10:09pm. Put 1,000 words into book. Well, over 1k, actually. 500 new, over 1k from 2010. Just like winemaking, racking old efforts to bottle. Now, SLOWLY sipping the ’10 Cab I was given to take home, tonight. MY barrels, outside the cave, their ML rates accelerating, topped with the more active culture in the stainless Zin barrel. Still reacting from this recent stomach bug, so I’m done after this glass. Have one of the sparkling berry waters I bought early tonight, from Whole Foods, in the freezer. Want it dangerously cold, for verse writing.. pen2paper. Wrote a spoken word verse the other night, never “posted” it to this bloody blog. Hate when I do that.. see? It then would have been wasted, not having been TRULY written, but typed, on this robotic swamp of a laptop monster.
Other orators, all juvenile, new to trials..
my verses, absurd with the blurted, uncensored–
Go together like sensationalization and those predicting
weather.. let’s see who provides products better..
Imbibed on a tether, ride by a debtor, brag my autonomy..
these devils, never on to me.. crush grapes, get deified in your
despicable rise, while I, pounding pages till I’m out of
ages, struggle stride. Censor yourself, step aside in
true innovative tenure’s actuality, no pause in my reality..
While you wait for time, your device’s functionality to climb.
Me, no dependency.. technology, my dependent enemy.
Tangential chemistry.. my own ambitions, all that blemish me.
I’m sent to sea, offended plenty creeds.. just my vocal
proclivity.. idea-spaced agility. Poetry for me, solely.
May be ailing in my artistic fantasy flailings.. obviously ailing.
Watching me, hunt word matches like illegal whaling.

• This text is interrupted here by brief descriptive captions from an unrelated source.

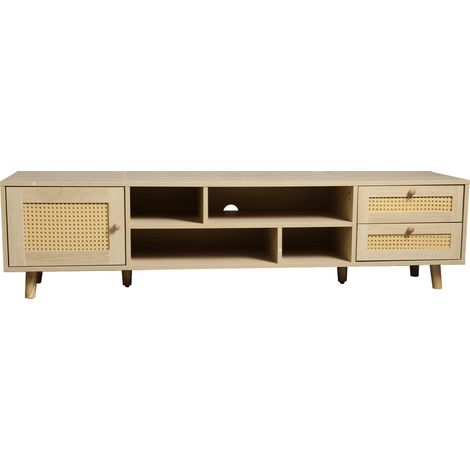 Mobile TV in legno e rattan 160 cm per TV fino a 70", con 2 cassetti e 1 anta (1/5)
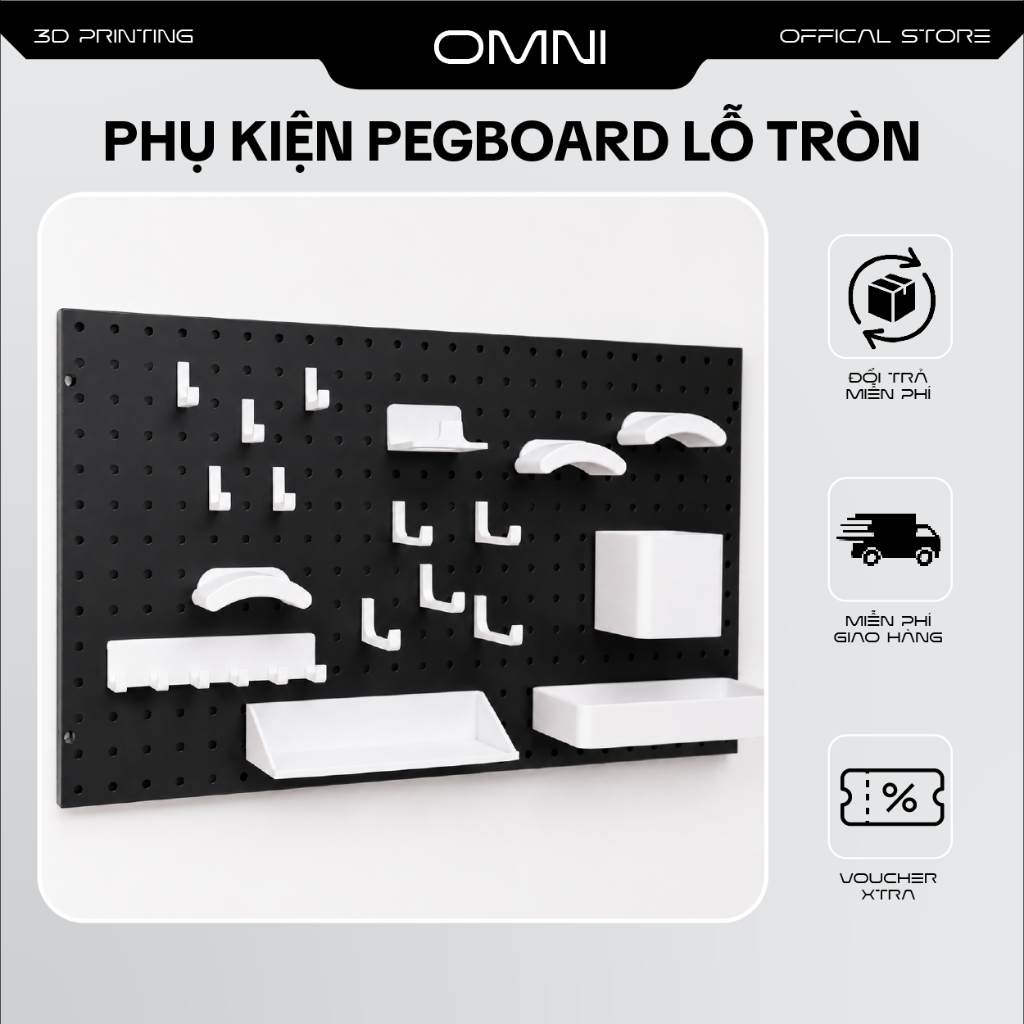Phụ Kiện Pegboard Lỗ Tròn OMNI | Móc Treo, Khay Đựng, Giá Đỡ Tai Nghe, Cho Pegboard Kim Loại
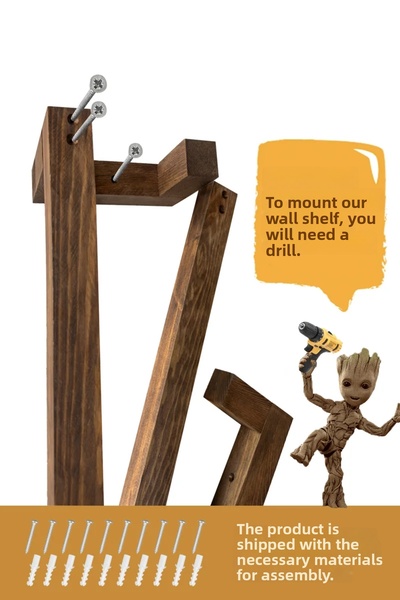 Grootland Wooden Wall Shelf/ Bathroom Shelf/ Towel Holder Walnut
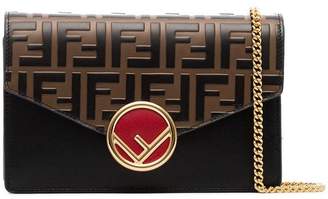 Fendi black, brown and red FF logo leather wallet on a chain bag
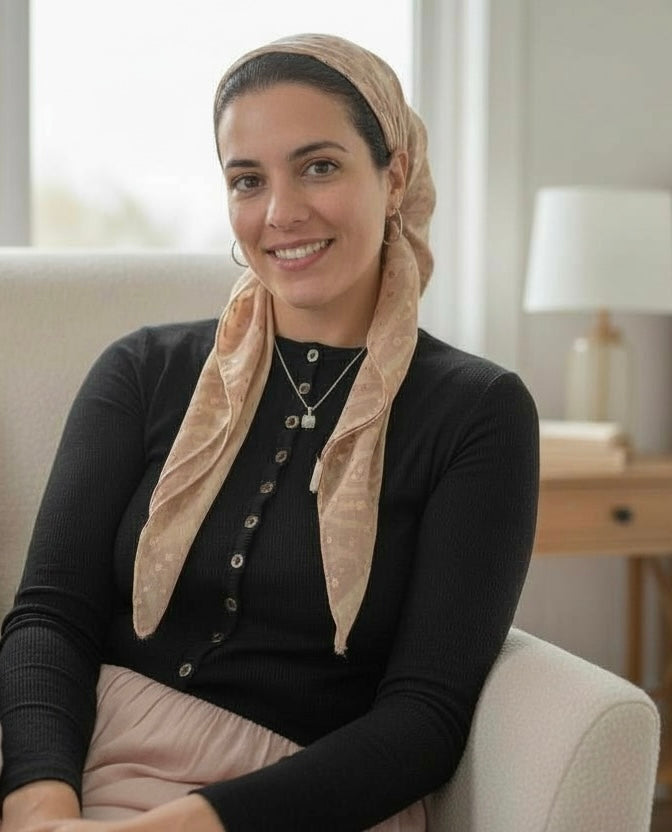 Square Tichel - Pink Leopard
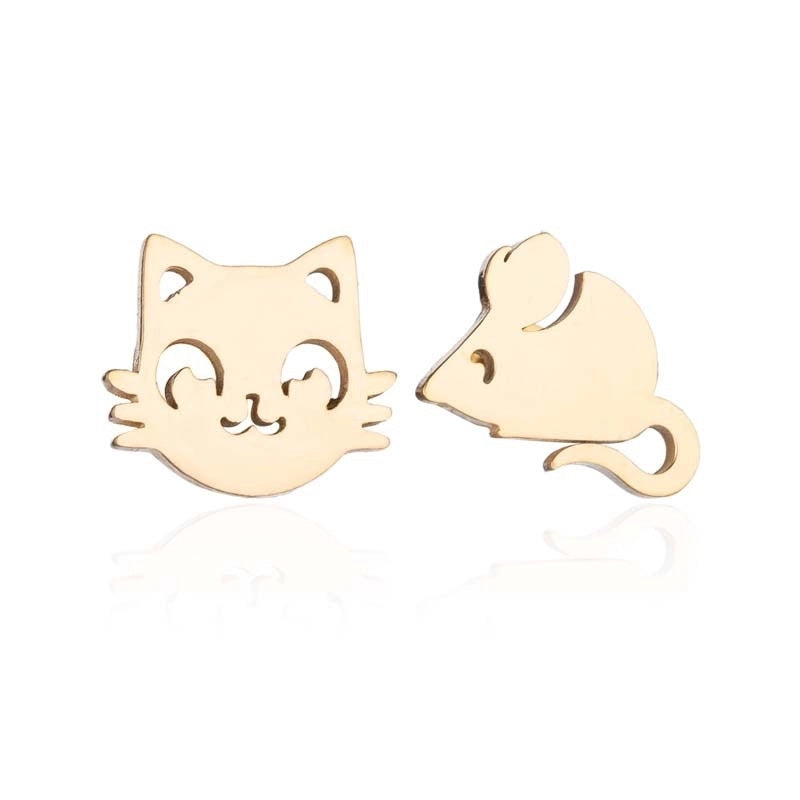 1 Pair Cute Cat Plating 304 Stainless Steel 18K Gold Plated Ear Studs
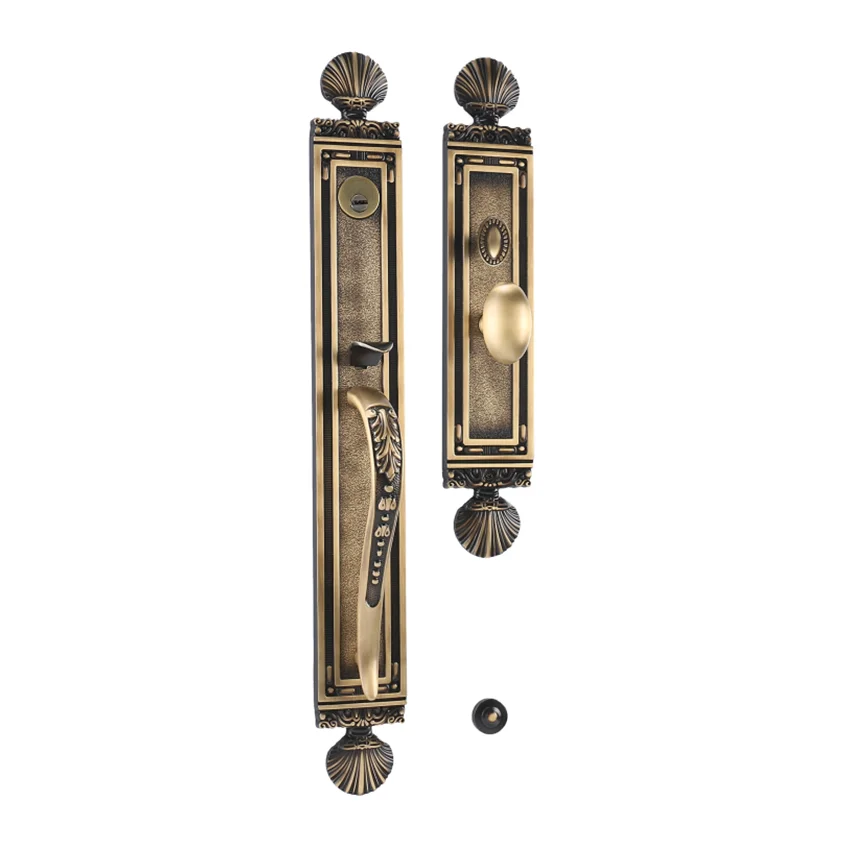 Dim Antique Brass Finish Solid Forged Brass Handleset Entry Door  Locks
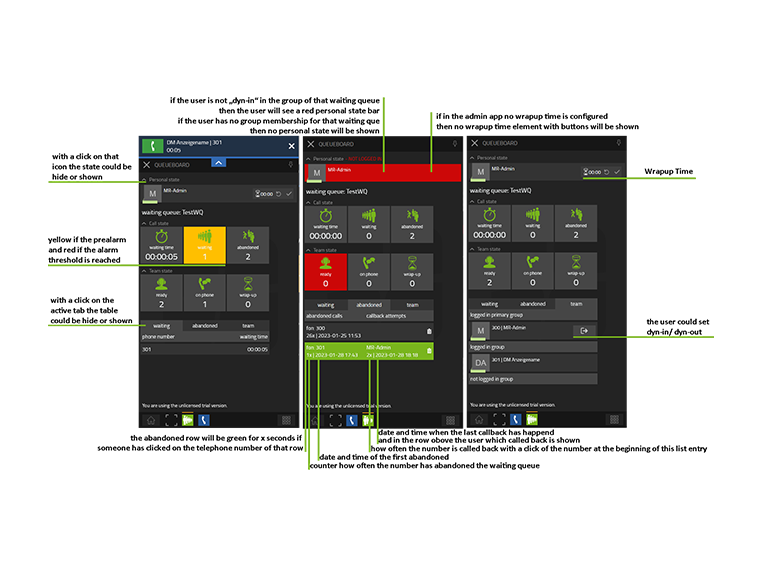 Screenshots der Queue Board User App mit beschrifteten Funktionen
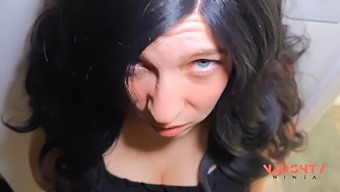 A Mature Woman Is Discovered Unclothed Within The Restroom By A Close Friend.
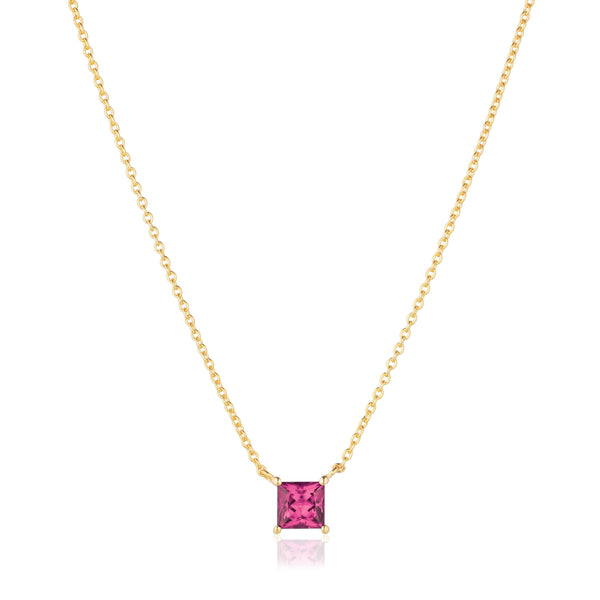 Ellera Quadrato Necklace - 18k Gold Plated With Pink Zirconia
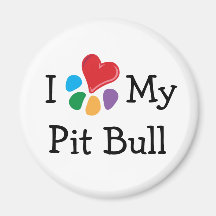 Coeur animal de Lover_I mon pitbull Magnets Pour Réfrigérateur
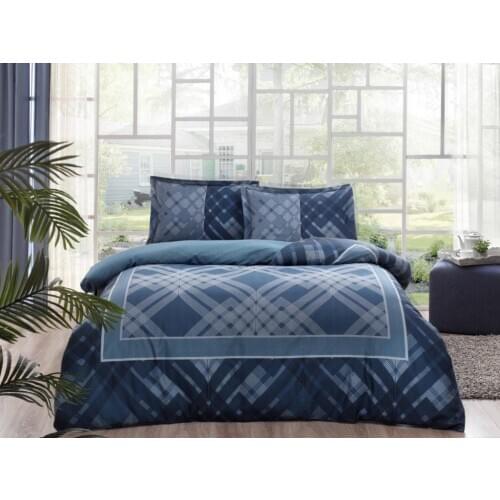 Crown Double Satin Duvet cover set Luana Navy Blue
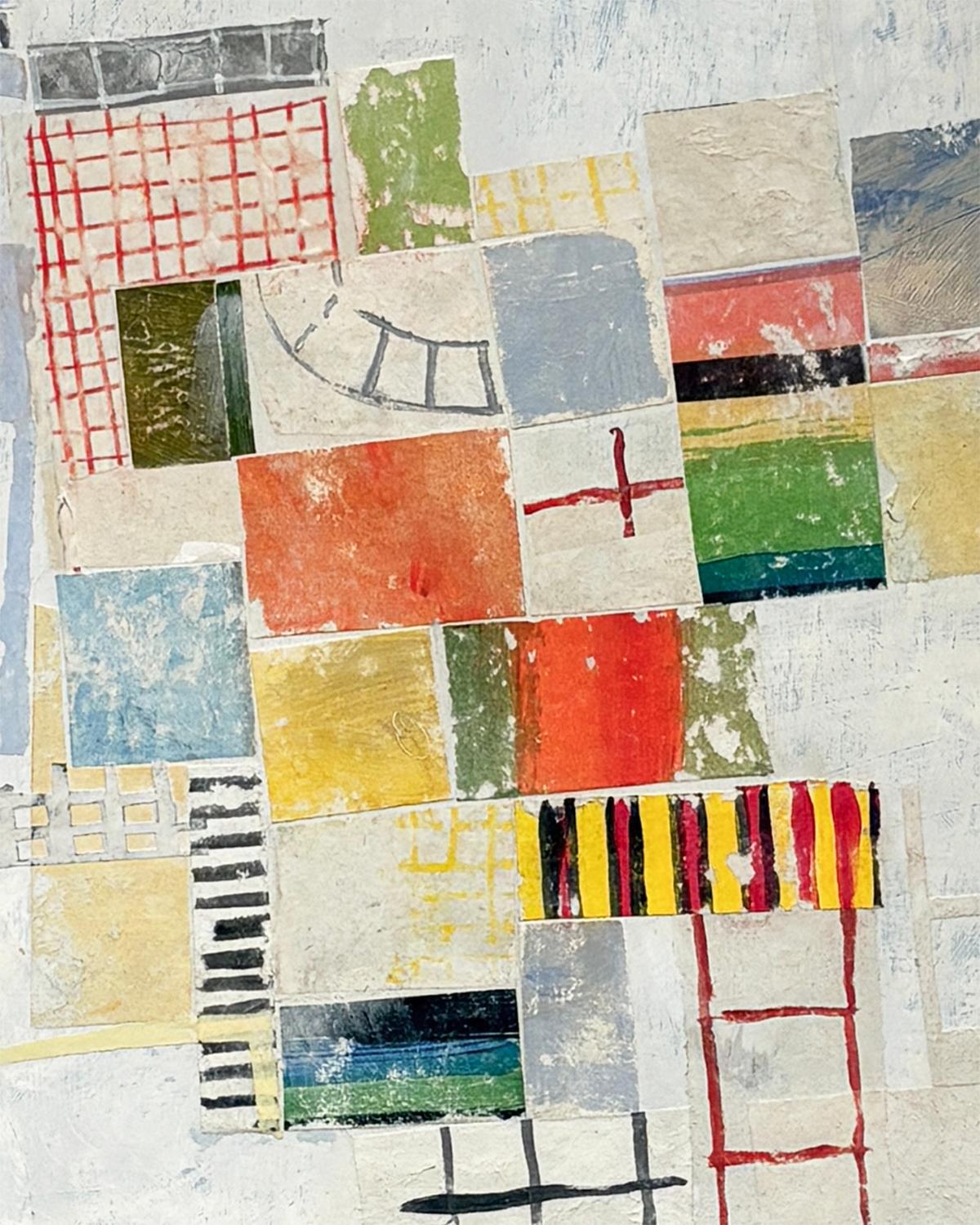 Best Laid Plan (Mixed Media Collage on Board in Bright Colors), made by Hudson Valley based artist, Donise English, in 2025
mixed media collage on board, framed
Image size: 20.50 x 25.50 in.
Frame size: 21.75 x 26.75 in. 
Light wood floater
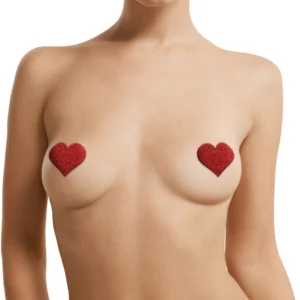 LUXE Nipple Cover Set Cross Star Heart Red - 3 Pair Decorative Pack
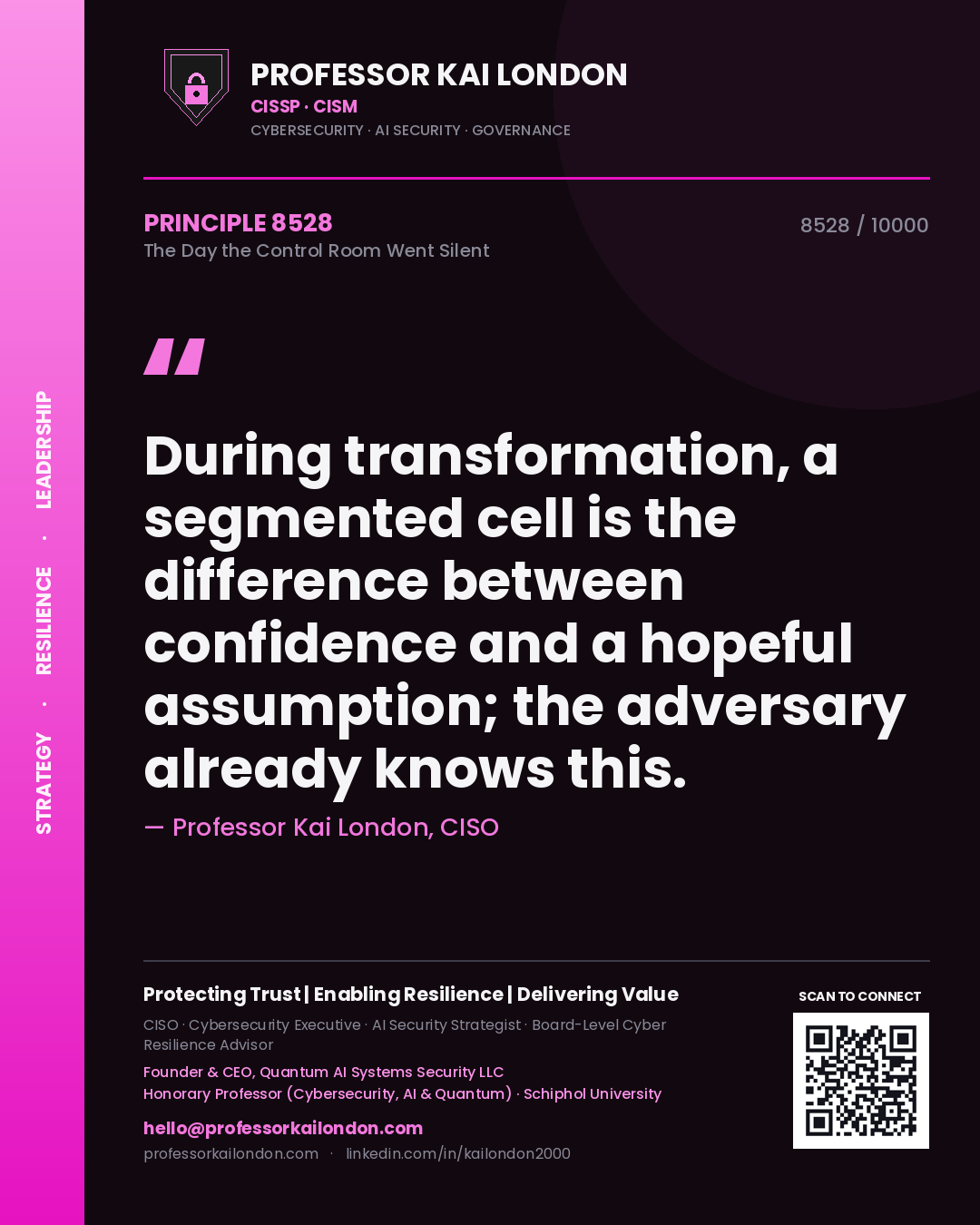 Professor Kai London principle 8528: During transformation, a segmented cell is the difference between confidence and a hopeful assumption; the adversary already knows this.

Not sure why I didn’t title it, but I don’t think I need to. Why does everything need a title, category, simplification.. or genre, like I discussed with that jazz singer/songwriter from Chicago, today, my last guests, just before 5pm, she with her boyfriend [a photographer]. How is time flying so fast, already 10:16p. Need to write faster. Weather today, a painting. for me. My writing, my thoughts. More for forward, with these poems– MY songs. Letting Art invade all my perceptions. The only way I’ll see the Road.
Getting sick of this wine. Afraid to sip more. So I’ll just spill it out. Yes.. what I’ll do, now– Opened the water.. so much better, pairing with these song motives, these rhymes, spoken word delivery.. competitive verse angle.
So much better, for me, touching actual paper, seeing my WRITING, the ink. This: poetry, finally. Class tomorrow, need the whole day to prepare. Watching little Kerouac. IF anything, my little Artist friend will motivate me, urge me to further in my grading/planning. Looking forward to this semester’s end. And if I don’t get classes for Fall, fine. I’ll depend on selling these pages. By Fall’s embarking, I’ll have 3 books, I’m hoping. Or 2. That’s 400-600 pages. That’s what I need. Need to catch my sister in Texas. Or wherever she is on the road, with her projects.
This weekend, my writer’s retreat. IF I go out Saturday night for friend’s birthday, I’m planning on going against character compulsion, to enjoy nice wine with friends. Caffeine only, for the composition, taking notes. I wrote in little pages today, “Imagine what I could capture.” I would virtually be in one of the most advantageous positions I’ve ever been in as a Writer, Artist. Everything, everyone, in front of me, at my mercy. And me, in COMPLETE control.
Tomorrow morning, starting with home brew. Then, to mocha. OR maybe, just home cups. Save my money, devote it to Self-publishing, or my ’13 wine. Money, always a subject, sensitive and other. And it is, always, with MAKING wine. Everything costs. But with writing, all we need is pen, paper. Was watching a new documentary on Tupac last night, how he started, with his writing.. humbled me, completely. I do want to make wine, but not at any slice of writing’s expense.
Looking at the picture I took today, in cave, of the jug I filled with that topping ’12 Zin, for my barrels. I think of that ‘picture’s worth a thousand words’ saying, if you could call it a “saying.” Being in that damp, humid, dark setting, for sake of my creative efforts [all which connects to these pages] has me wanting to be ALWAYS so focused, as I am here, seated with this sparkling berry water. So glad I was as sick as I was a couple days ago. It brought TRUE perspective. And conviction.. drive, levels of which I haven’t felt since on CSUEB’s campus, fighting for my M.A. Tonight, Mike has sight. Ignite.